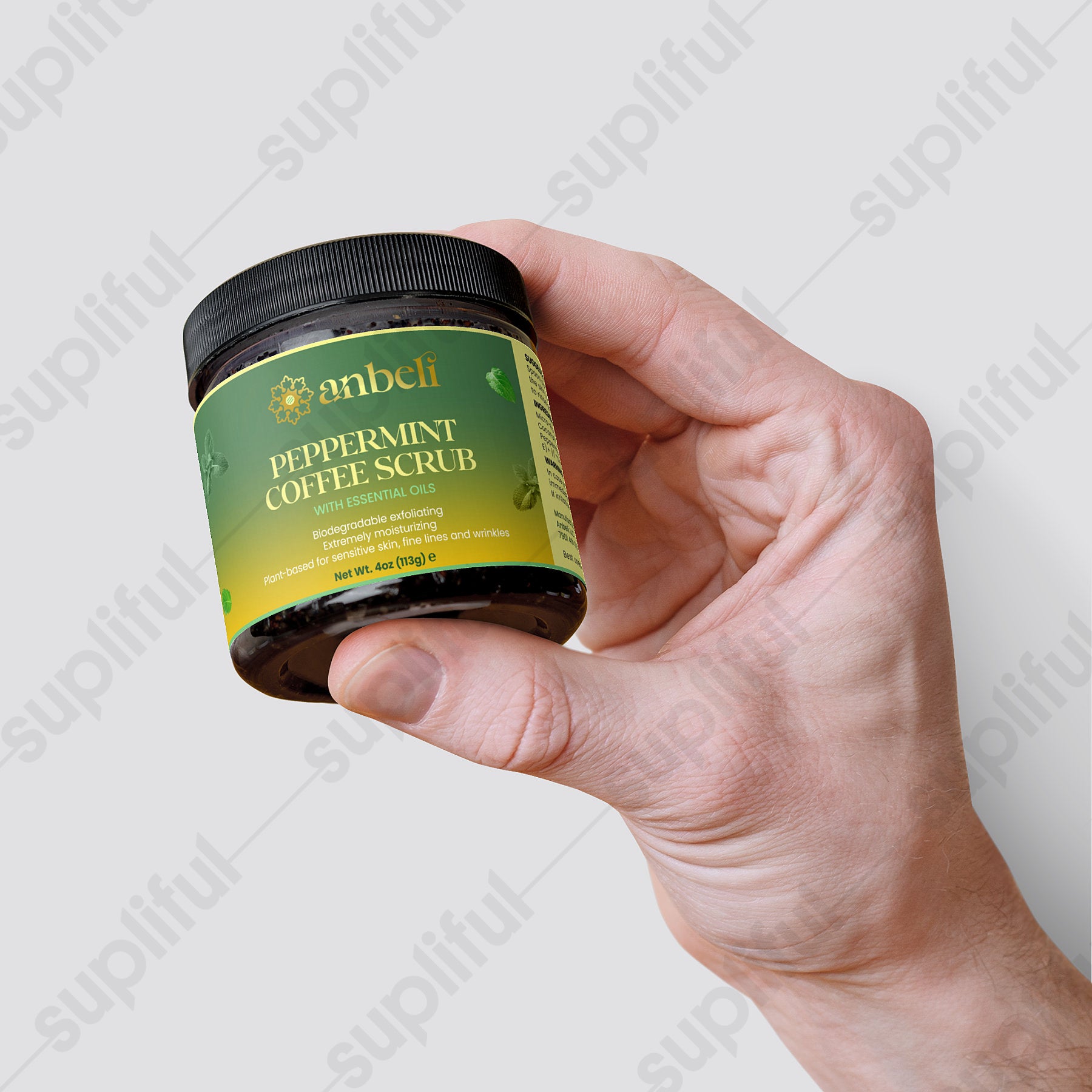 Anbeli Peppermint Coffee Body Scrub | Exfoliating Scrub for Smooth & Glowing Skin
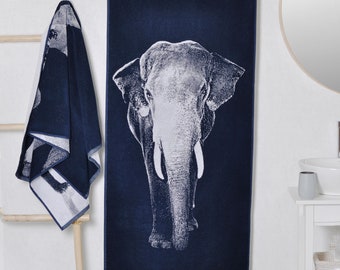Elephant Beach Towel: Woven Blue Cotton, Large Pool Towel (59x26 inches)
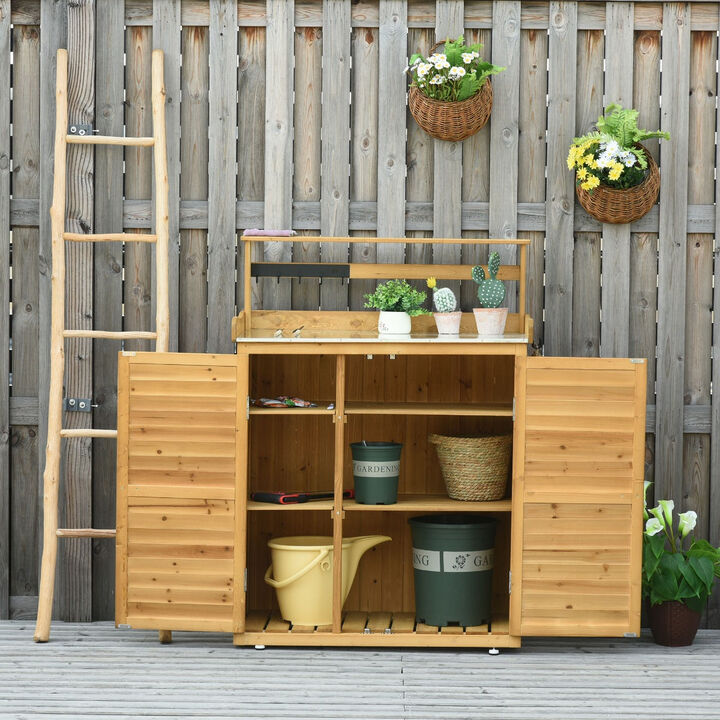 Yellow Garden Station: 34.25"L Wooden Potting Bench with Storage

**Instructions for the task**
Output the data above exactly. Drop every picture.

**Solved problem**
 Anbeli Peppermint Coffee Body Scrub | Exfoliating Scrub for Smooth & Glowing Skin
Elephant Beach Towel: Woven Blue Cotton, Large Pool Towel (59x26 inches)
 Yellow Garden Station: 34.25"L Wooden Potting Bench with Storage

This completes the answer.